## [What is being asked]
Each line below should be quoted exactly, please.

## [Data block]
_ _ _ _ _ _ _
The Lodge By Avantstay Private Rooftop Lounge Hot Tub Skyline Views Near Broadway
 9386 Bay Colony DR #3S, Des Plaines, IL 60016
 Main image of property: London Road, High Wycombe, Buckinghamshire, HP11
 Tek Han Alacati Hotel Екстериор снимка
_ _ _ _ _ _ _
## [Finished task]
The Lodge By Avantstay Private Rooftop Lounge Hot Tub Skyline Views Near Broadway
 9386 Bay Colony DR #3S, Des Plaines, IL 60016
 Main image of property: London Road, High Wycombe, Buckinghamshire, HP11
 Tek Han Alacati Hotel Екстериор снимка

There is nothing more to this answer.